The free web services are timing out at the hour precisely for a short moment of some seconds. The reason is a widget that calls the services timezoneJSON and  findNearByWeatherJSON always at exactly the full hour from a large number of ip addresses. The sudden spike in requests is causing many other requests to timeout. Around a year ago the free services were suffering from the effects of an iphone application that has become very popular and was using some geonames web services.

Some hours ago we have changed the service to throw an exception hoping that the developer of the widget will see that the application no longer works and change the behavior of the application. It is not very useful if a distributed application running on a huge number of clients is calling the same server at the very same instance.

The exception is thrown on the domain ws.geonames.org for requests of the two JSON services and if no parameter username is present. If you happen to be using the service, just add the parameter username=<your geonames username> avoid the exception. Those using a ‘secret’ domain name are not affected.

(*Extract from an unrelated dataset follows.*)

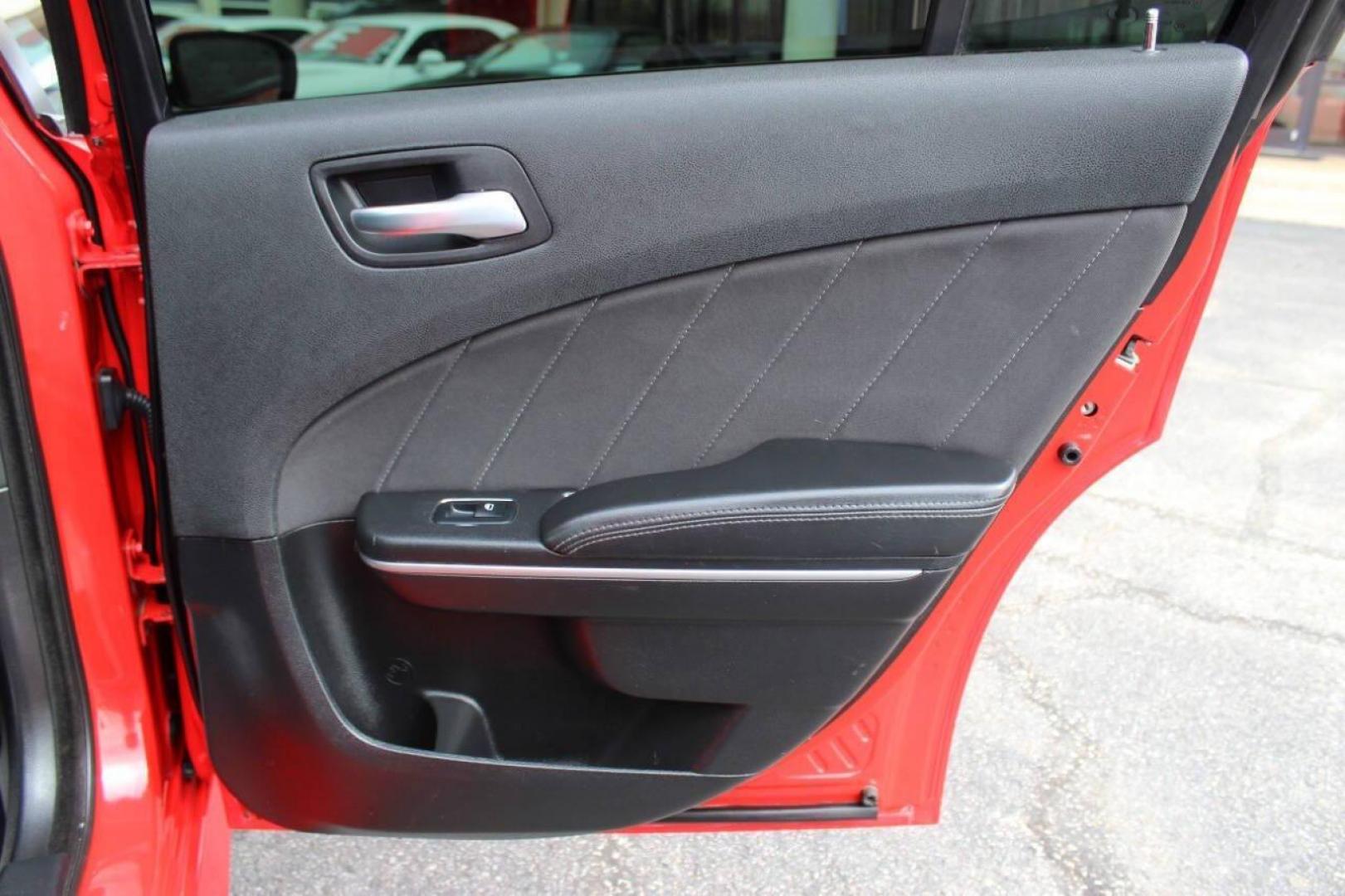 2019 Red Dodge Charger R/T (2C3CDXCTXKH) with an 5.7L V8 OHV 16V engine, 8A transmission, located at 4301 NW 39th , Oklahoma City, OK, 73112, (405) 949-5600, 35.512135, -97.598671 - NO DRIVERS LICENCE -NO FULL COVERAGE INSURANCE - NO CREDIT CHECK. COME ON OVER TO SUPERSPORTS, TAKE A LOOK AND TEST DRIVE. PLEASE GIVE US A CALL AT (405) 949-5600. NO LICENCIA DE CONDUCIR - NO SEGURO DE COBERTURA TOTAL - NO VERIFICACION DE CREDITO. VISITENOS EN SUPERSPORTS, MIRE NUESTRO - Photo#12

You can create an account here.

‘XK’ country code for Kosovo

Some of you have already noticed that we are now using ”XK‘  as temporary country code for Kosovo. While the US standards body ‘FIPS’  has found it worthwhile to assign a country code to Kosovo (KV), the International Organization for Standardization, ISO, has yet to assign a code to the former Serbian province. The ISO country code standard 3166 has a couple of unused codes that can be used for user specific elements: “If users need code elements to represent country names not included in this part of ISO 3166, the series of letters AA, QM to QZ, XA to XZ, and ZZ, and the series AAA to AAZ, QMA to QZZ, XAA to XZZ, and ZZA to ZZZ respectively and the series of numbers 900 to 999 are available.

The European Commission and many other organisations (Deutsche Bundesbank, Switzerland) are using ‘XK‘ as a temporary country code for Kosovo till ISO officially assigns a code.

GeoNames will switch to the official ISO code as soon as it has been released. In the meantime we will use ‘XK‘.

Links for Toponyms

A new pseudo language code ‘link‘ has been added to the alternate name edit function and the links to the English Wikipedia have been inserted as alternate names. The links to the corresponding wikipedia articles have often been requested. While they were available on the forum linked in some threads, they were not included in the normal dump. With this simple change they can now be included in the dump as alternate names and they can easily be maintained using the wiki interface. All other kind of links, I think of hotel websites for hotel entries, can also be added in the same manner.

The language code for the alternate names are normally the 2-character ISO 639 language codes, for more exotic languages that do not have a 2-character ISO code the 3-character code is used instead.

Pseudo codes

  • post‘ for postal codes
  • link‘ for a link to a website
  • iata‘, ‘icao‘ and ‘faac‘ for the respective airport codes
  • abbr‘ for an abbreviation
  • fr_1793‘ for names used during the French Revolution

New York Times data API with GeoNames

NYT Logo

The New York Times is adding GeoNames data to their subject headings and making it available as Linked Open Data under a cc-by license.

For ages the NYT has indexed articles with keywords (tags/subject headings) from an extensive vocabulary. Thousands of these keywords have now been mapped to their respective geonameId. This will help for instance enhance the search function with additional information from geonames like lat/lng for a reverse geocoded article search. The vocabulary is available under a cc-by license in various ways and formats. You can download a huge file or you can browse individual entries on the NYT website. As an example the keyword ‘Zurich’ in html or rdf format. The GeoNames data in the rdf format is using the GeoNames ontology. The subject headings can be used by developers to query the NYT api for articles on the topic.